阪神・狩野 9回代打タイムリー&10回ダメ押しタイムリー

[ 2016年8月5日 05:30 ]

<D・神>延長10回2死満塁、中前適時打を放った阪神・狩野

セ・リーグ 阪神7―5DeNA

(8月4日 横浜)
 切り札らしい、満点の仕事ぶりだった。9回1死二、三塁から代打で登場した阪神・狩野が、2打席連続のタイムリー。チームを勝利に導いた。

 「昨日(3日)は山崎康くんの前で三振したので、どうにか打ってやろうと思いました。キレイなヒットが良いんですけど、(試合に)出るときはああいうヒットでもいいと思ってるんで」

 重圧がのしかかる場面でも、頭は冷静だった。山崎康の初球ツーシームに、フルスイング。遊撃・倉本が横っ飛びで好捕したものの内野安打となり1点差に迫る。前日3日の対戦で3球三振を喫した雪辱を見事に晴らした。「ちょっとボールを見過ぎてしまっていた。初球からいくつもりだった」。万全の準備が、反撃の一打を呼んだ。

 「最後はバットを短く持ちました」

 貴重な追加点もまた、狩野のバットから生まれた。10回、6―5と勝ち越してなおも2死満塁。ザガースキーに2球で追い込まれたが、すぐさま打席内で切り替えた。わずかに指1本分、グリップを余して3球目を待つ。外角へ沈む変化球だったが、その意識が白球を中前へと運んで7点目。1安打3四球でつないだ全員攻撃を完結させた。
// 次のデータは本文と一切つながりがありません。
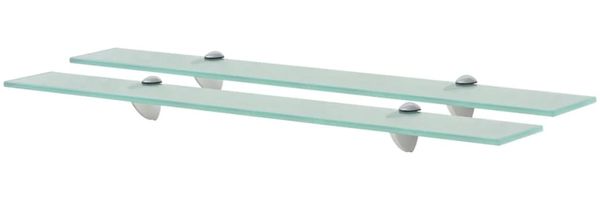 vidaXL Schwebende Regale 2 Stk. Glas 70x10 cm 8 mm [3051498]
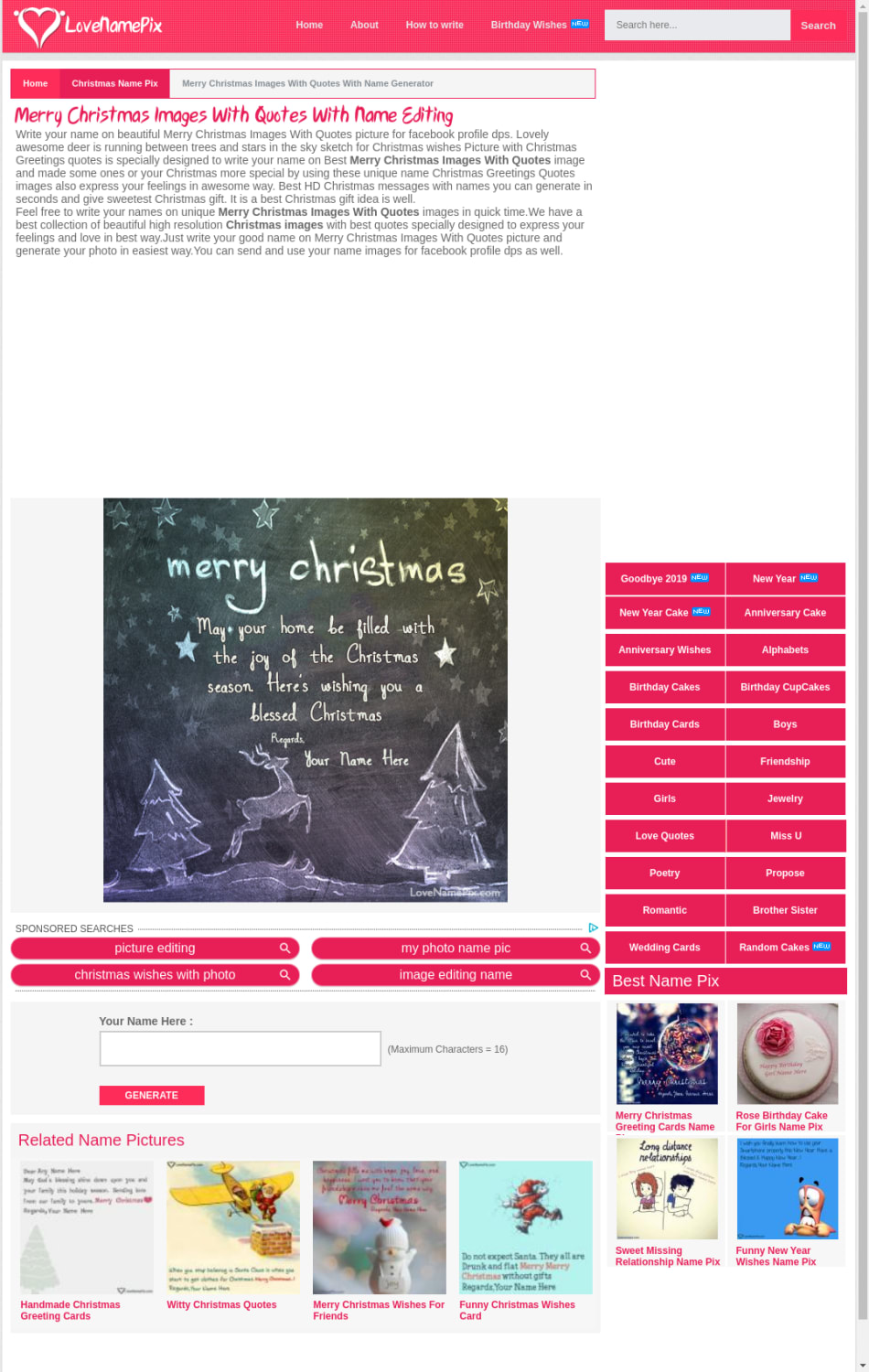 Merry Christmas Images With Quotes With Name Editing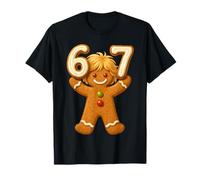 Gingerbread Six Seven 67 Meme 6 7 Divertente Natale Ragazzi Bambini Maglietta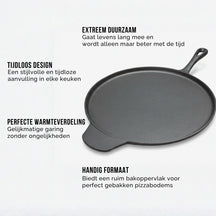 Poêle à pizza Blackwell - en fonte - Cast Iron - Ø 30 cm - 2700 g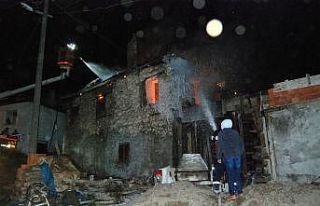 Bayramiç’te korkutan yangın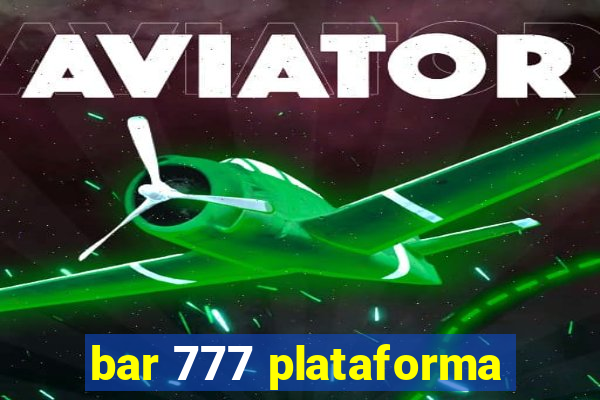 bar 777 plataforma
 “超変革”を力に変えた。前日3日に先発復帰を果たしたが、鳥谷が7月24日の広島戦から8試合連続でベンチスタート。これまでにはなかったことだが、狩野は試合序盤から鳥谷と並んで戦況を見つめ続けた。

 「お互いに配球を読んだり、投手のクセを言い合ったり。鳥谷さんの読みとかも聞けて、勉強になりました」

 一瞬たりともムダにはしない。鳥谷の考えを知り、また一つ選手として成長できた。そんなたゆまぬ努力、向上心が背番号99を支えている。

 「いまチームが良い状態なので。これを続けていけばもっともっと勝てると思います」
 そう、狩野が知る阪神は、常に優勝争いをしてきた。まだ8月上旬。一つ一つの積み重ねが苦境を打開することを知っている。